Aylar evvel yazılmış bir yazı...
Aylar evvel yazılmış herhangi bir yazı değil ama...
Aylar evvel yazılıp, yalnızca bu şarkının sahibinin okumasını istediğim, yalnızca ona gönderdiğim bir yazı...
Bu yazıdan sonra gelişen bir takım olaylarla yazma isteğim kırılmıştı ve o şarkının sahibinden -Cengiz Onural'dan- aldığım sımsıcak bir maille dönmüştüm eskiye.
Mümkünse şarkı eşliğinde okunsun yazı, çünkü dönüp dönüp dinlenerek yazıldı o.
Ve okunsun yazının sonunda yer verdiğim o mailin küçük parçası.
Ve anlanılsın tesadüf diye bir şeyin "var olmadığı"...
(dinleyemeyenler için )
Kıyı Kahvesi
Ben hiç kıyı kahvesine gitmedim. O yüzden anlatamam nasıl bir yer olduğunu. Neyin kıyısına kondurulduğunu bilemem. En çok kim gelir oraya? Çayın yanında sıcak simitler de olur mu? Tahtadan mıdır kahvenin masaları, gecenin kaçına kadar durur insanlar orada? Kimin karısı telefon eder akşamüstleri oraya, kimler dalga geçer o kadının kocasıyla? Ya çaycıları, sallana sallana mı getirir çayları? Kara kuru biri midir bu adam? Yahut göbeğinden yürüyemez mi sandalye artlarında? Güler mi çayı uzatırken? Kahkaha atmayı sever mi? Paragöz herifin teki midir yoksa?
Kıyı kahvesi belki kasvetli bir kahveden başka bir şey değildir ya, o “kıyı” kelimesi yok mu? İşte hep o kelimeden kaynaklı benim bu hissettiklerim.

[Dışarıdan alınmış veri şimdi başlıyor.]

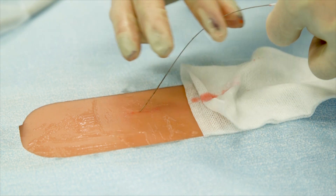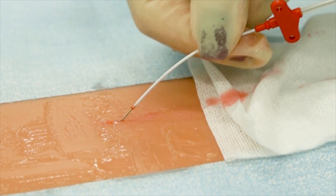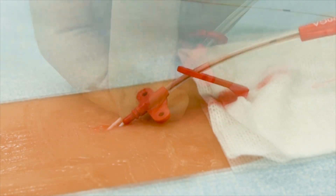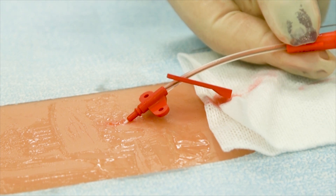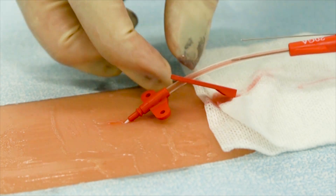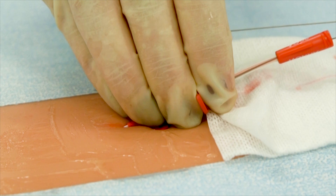Advance the catheter forward over the wire guide. Once the wire has exited the extension line, grasp the wire and continue to advance the catheter into position. Hold the catheter in place and remove the spring wire guide assembly. A pulsatile blood flow should be visible at the end of the catheter — this is a positive arterial placement. Clamp the lumen with the slide clamp.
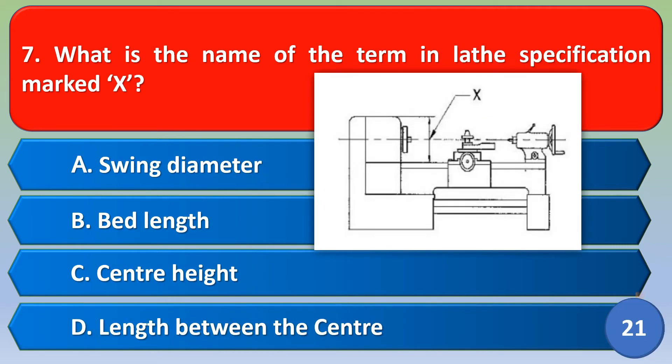Next question: what is the name of the term in the plate specification marked X? Option A: swing diameter, Option B: bed length, Option C: center height, Option D: length between the centers. The correct answer is Option A, swing diameter.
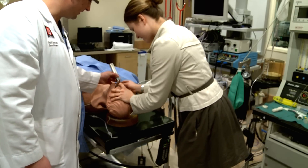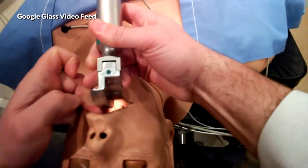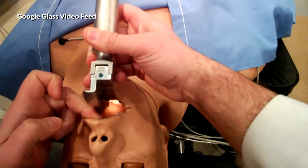Zotek showed me how to insert the tube again, but this time he recorded a video with the Google Glass to show me, from his point of view, how to insert the instrument.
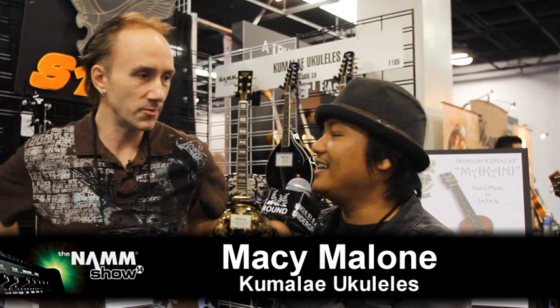Hello, Ukulele Underground. We are here with Macy Malone for Kumulai Ukuleles. Hello, Audrey. How's it going? It's going well.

Bu şarkıyı dinlerken duyduğum o güzelim deniz kokusu, denizin kıyısına ilişmiş şirin kahvenin alacalı renkleri, ahşabın derinlere sinen öyküsü, buharı üstünde ince belli bardaklar ve şampuanı saçlarında kadınlar… Kadınlar, evet, kıyı kahvesinde bir sürü kadın, erkek, hatta çocuk, hepsi var.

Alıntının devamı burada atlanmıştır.